Devos possui grande talento para a construção de belos planos fixos, não há dúvidas. O diretor mostra os jovens andando de bicicleta ao crepúsculo, percorrendo trilhas em uma floresta, andando na caçamba de um veículo. O plano-sequência lentíssimo, em câmera fixa, é a arma principal para relatar um tempo que se estica, estica, até o limite do insuportável – tanto para o espectador quanto para o personagem. Compreende-se que o cineasta tente reproduzir na fotografia e na montagem o estado de letargia do protagonista, mas ele não fornece o menor recuo, ou qualquer alternativa, à estética lânguida, mórbida, em que longos... planos... não... revelam... quase... nada.
Violet constitui um desses prazeres sofisticados e herméticos, do filme pelo filme, a arte pela arte. Se há luto, trauma, dificuldade da família ou dos amigos em lidar com a perda, isso não se transmite ao espectador. Afinal, o protagonista, Jesse (César De Sutter), constitui um mero objeto dos enquadramentos, um manequim que posa nas partes adequadas do plano, posiciona a mão no ângulo exato que o diretor pretende enquadrar. Ele não se expressa, nem em palavras, nem em gestos, nada indica um estado psicológico específico, uma reação qualquer.
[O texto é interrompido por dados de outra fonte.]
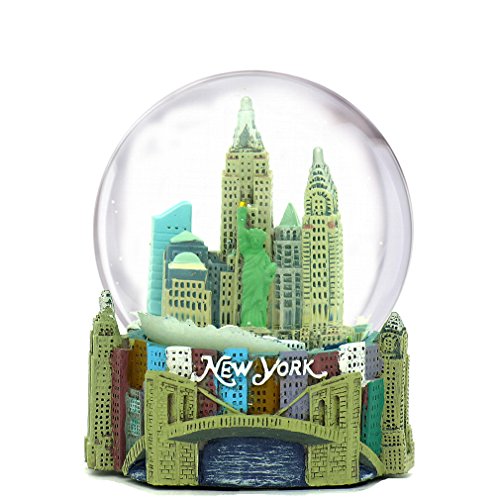 Mini New York City Schneekugel NYC Skyline in Dieser Souvenirfigur mit Freiheitsstatue, 6,3 cm hoch (45 mm) von City-Souvenirs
O magro roteiro tampouco traz reviravoltas à situação.
Talvez o filme funcionasse melhor como colagem de momentos abstratos, ou sucessão de fotos estáticas ao invés de uma narrativa linear, porque a imagem não está a serviço da narrativa, e sim, a narrativa está tentando rechear os planos rebuscados do cineasta. Essas imagens corresponderiam melhor à atmosfera de um museu ou galeria de arte, onde a busca formal se justificaria mais facilmente. Mas fica difícil imaginar Violet exibido no circuito comercial brasileiro, por exemplo.
Ao menos Violet não deve deixar nenhum espectador indiferente, já que impressiona tanto por boas quanto por más razões. Trata-se de filme lindíssimo, mas assustadoramente entediante e vazio. A perversa beleza da obra foi obtida às custas da história, dos personagens, do luto. Como um rolo compressor, Devos sacrificou o potencial de comunicação de seu filme para se restringir à sedutora superfície.